START Data extract
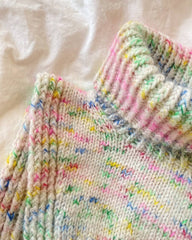 Closeup af multifarvet Terrazzo Neck Junior på dyne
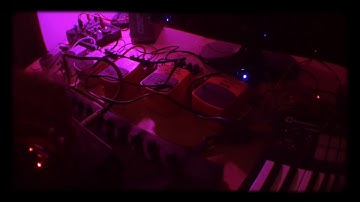 Korg Monotribe meets Behringer’s pedals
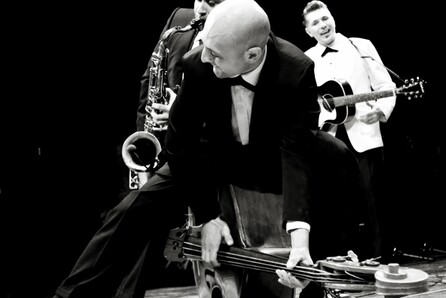 Οι Σικελοί Ballroom Kings κάνουν Χριστούγεννα στο Half Note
END Data extract
## Activity
Retype the data above exactly. Do not carry over any images.

## Exercise result
 Closeup af multifarvet Terrazzo Neck Junior på dyne
 Korg Monotribe meets Behringer’s pedals
 Οι Σικελοί Ballroom Kings κάνουν Χριστούγεννα στο Half Note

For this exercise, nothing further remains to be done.